## Directions:
Everything from the line with "tp钱包骗局案例解析：如" down to the line with "18 Lyhyiden tukkimittojen" below must be printed exactly, those two lines included. Exclude pictures.

[Supplied information]

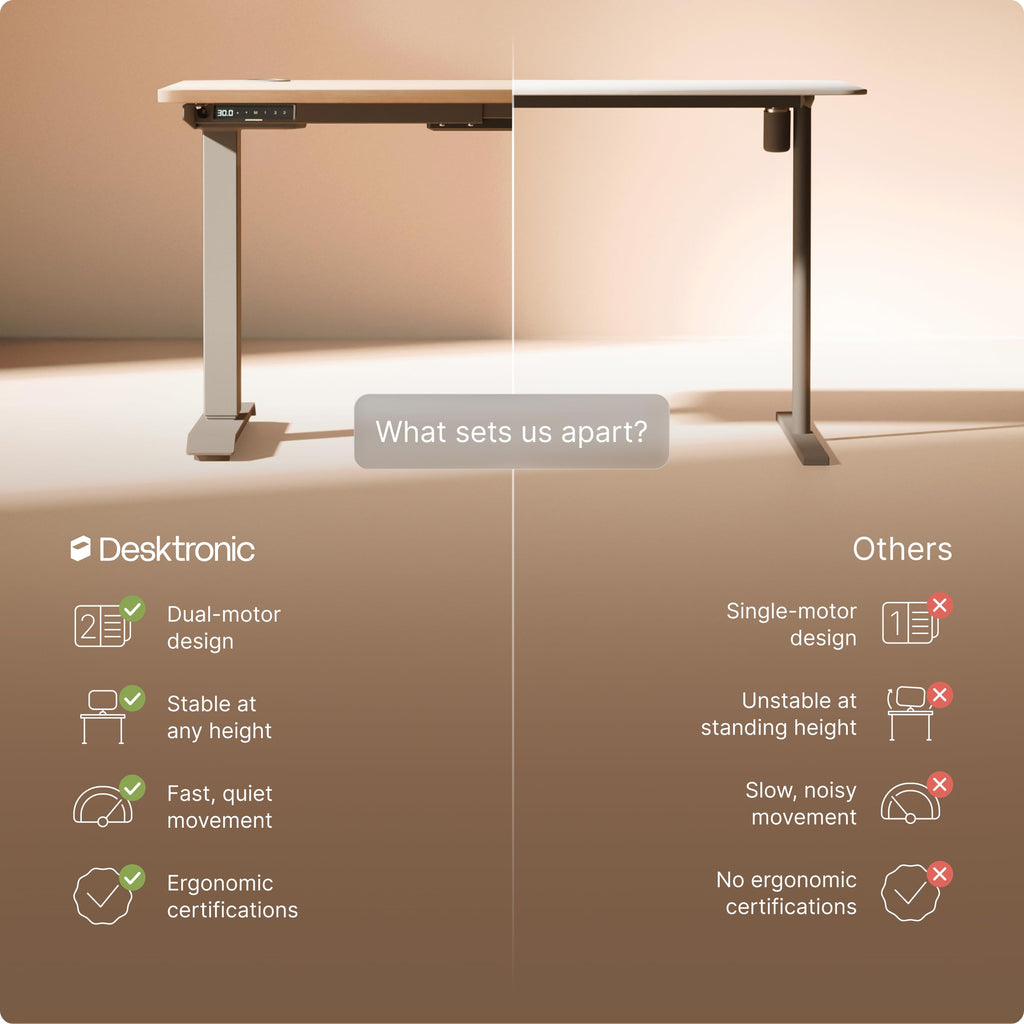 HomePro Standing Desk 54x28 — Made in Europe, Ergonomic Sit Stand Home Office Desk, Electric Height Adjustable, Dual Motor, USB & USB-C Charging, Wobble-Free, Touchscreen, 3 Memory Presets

[/Supplied information]
[Supplied information]

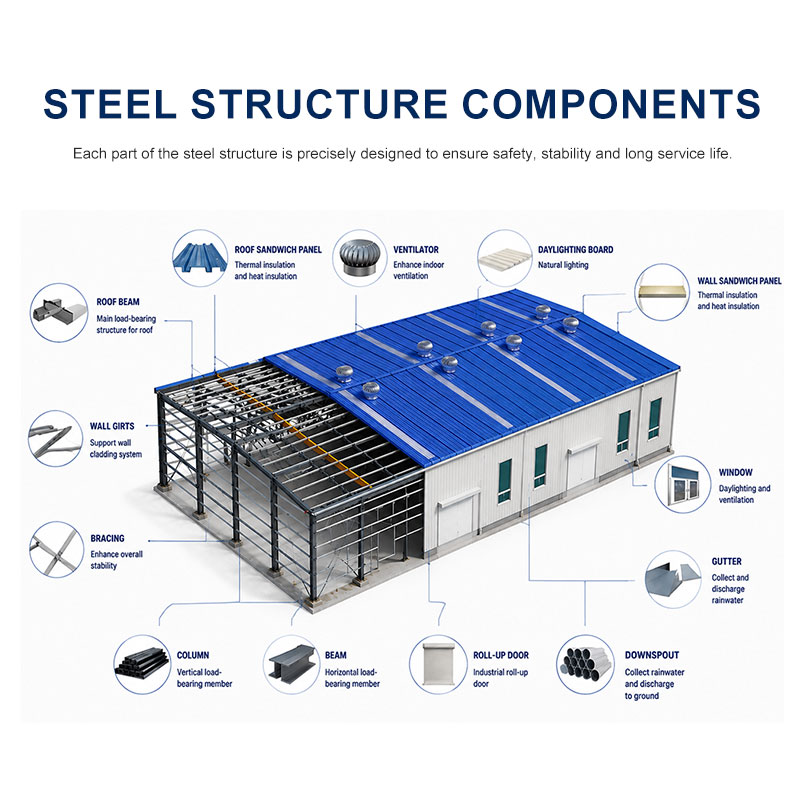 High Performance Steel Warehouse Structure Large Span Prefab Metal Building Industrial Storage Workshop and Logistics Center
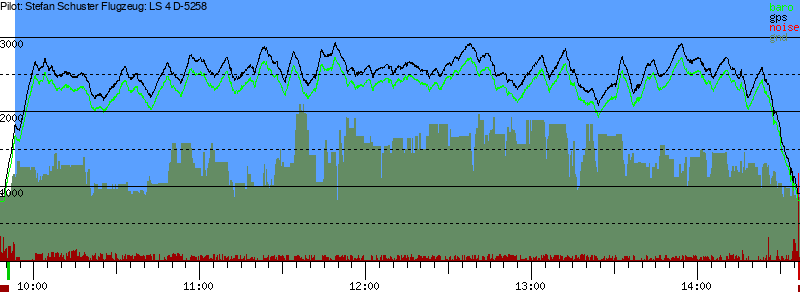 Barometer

[/Supplied information]
[Supplied information]

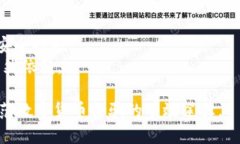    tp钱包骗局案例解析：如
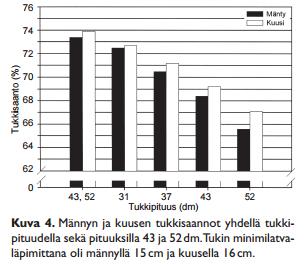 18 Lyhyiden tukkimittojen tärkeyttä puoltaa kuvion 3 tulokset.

[/Supplied information]

## Worked solution:
    tp钱包骗局案例解析：如
 18 Lyhyiden tukkimittojen tärkeyttä puoltaa kuvion 3 tulokset.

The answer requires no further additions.